All Topics >> Installation >> General

http://www.codeproject.com/install/13disasters.asp

 
 

13 disasters for production web sites and their solutions

By Omar Al Zabir.

 
 

Learn about 13 production disasters that can bring down your business

Generic

Windows (Win2003), .NET (.NET 2.0)

Win32, Win64, SQL (SQL 2005), IIS (IIS 6), VS

CEO, Arch, DB, Dev

Posted: 6 Aug 2007

Views: 8,368

Introduction

When we first went live with Pageflakes back in the year 2005, most of us did not have experience with running a mass consumer high volume web application on the Internet. We went through all types of difficulties a web application can face as it grows. Frequent problems with software, hardware, and network were part of our daily life. In the last 2 years, we have overcome a lot of obstacles and established ourselves as one of the top most Web 2.0 applications in the world. From a thousand user website, we have grown to a million user website over the years. We have learnt how to architect a product that can withstand more than 2 million hits per day and sudden spikes like 7 million hits on a day. We have discovered under the hood secrets of ASP.NET 2.0 that solves many scalability and maintainability problems. We have also gained enough experience in choosing the right hardware and Internet infrastructure which can make or break a high volume web application. In this article, you will learn about 13 disasters than can happen to any production website anytime. These real world stories will help you prepare yourself well enough so that you do not go through the same problems as we did. Being prepared for these disasters upfront will save you a lot of time and money as well as build credibility with your users.

13 disasters

We have gone through many disasters over the years.
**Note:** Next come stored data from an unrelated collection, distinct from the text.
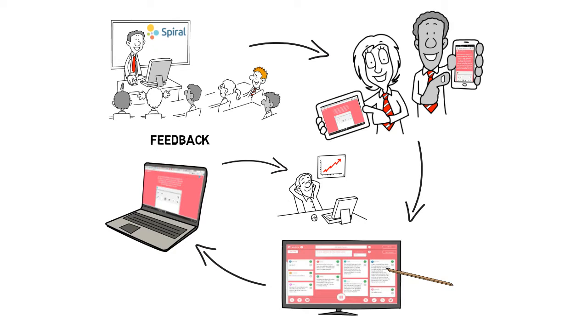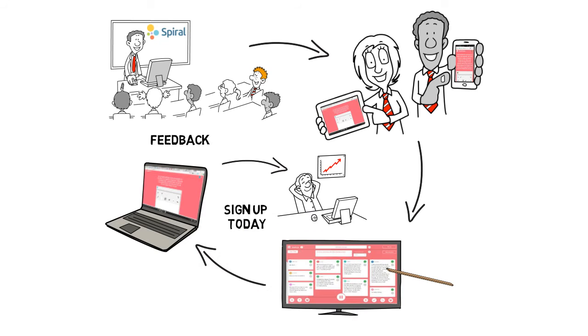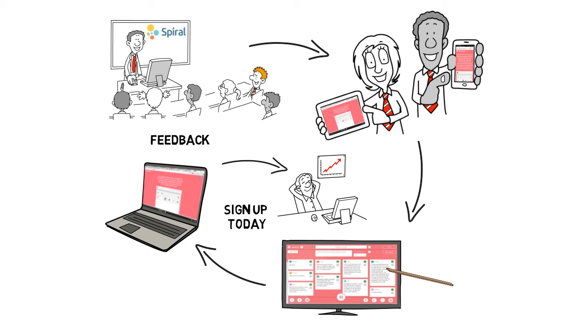Use Spiral. Create positive feedback loops that raise your students' grades. Sign up for your free trial today.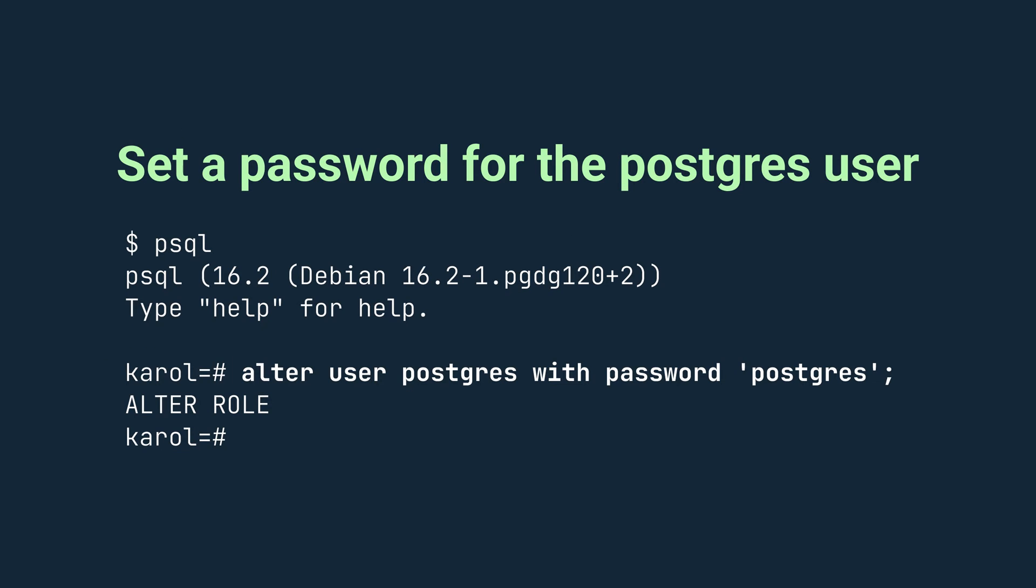Now let's set a password for the user Postgres. In general, when connecting to a database on your own computer, the username and password don't really matter. On the other hand, it is a common practice to use the default Postgres user with the password Postgres. Still, in the psql prompt, type the command shown on the screen. Make sure to wrap the password in single quotes and to end the command with a semicolon. If you see the message alter role, it means that you have successfully changed the password.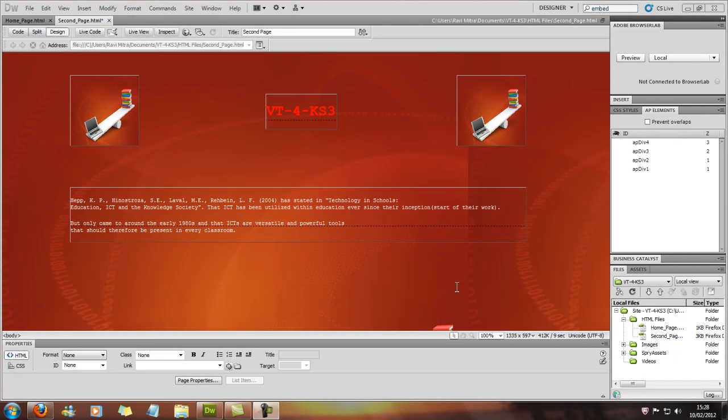We're going to go on to hyperlinks now and I'm just going to teach you how to put hyperlinks into tables and also make text hyperlinks and image hyperlinks as well.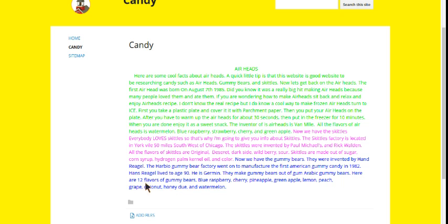Here are 12 flavors of gummy bears: blue raspberry, cherry, pineapple, green apple, lemon, peach, grape, coconut, honeydew, and watermelon. Thanks for listening to my screencast. Bye.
Some of them are:

  1. Hard drive crashed, burned, got corrupted several times
  2. Controller malfunctions and corrupts all disks in the same controller
  3. RAID malfunction
  4. CPU overheated and burned out
  5. Firewall went down
  6. Remote Desktop stopped working after a patch installation
  7. Remote Desktop max connection exceeded. Cannot login anymore to servers
  8. Database got corrupted while we were moving the production database from one server to another over the network
  9. One developer deleted the production database accidentally while doing routine work
  10. Support crew at hosting service formatted our running production server instead of a corrupted server that we asked to format
  11. Windows got corrupted and was not working until we reinstalled
  12. DNS goes down
  13. Internet backbone goes down in different part of the world

These are some of the problems that usually happen in dedicated hosting. Let's elaborate some of these and make a disaster plan:

Hard drive crash

We experienced hard drive crashes frequently with cheap hosting providers. They used cheap SATA drives that were not reliable. So far we found Western Digital SATA drives to be most reliable. If you can spend money, go for SCSI drives. HP has a lot of variety of SCSI drives to choose from. Better always, go for SCSI drives on web and database server. They are costly, but they will save you from frequent disasters.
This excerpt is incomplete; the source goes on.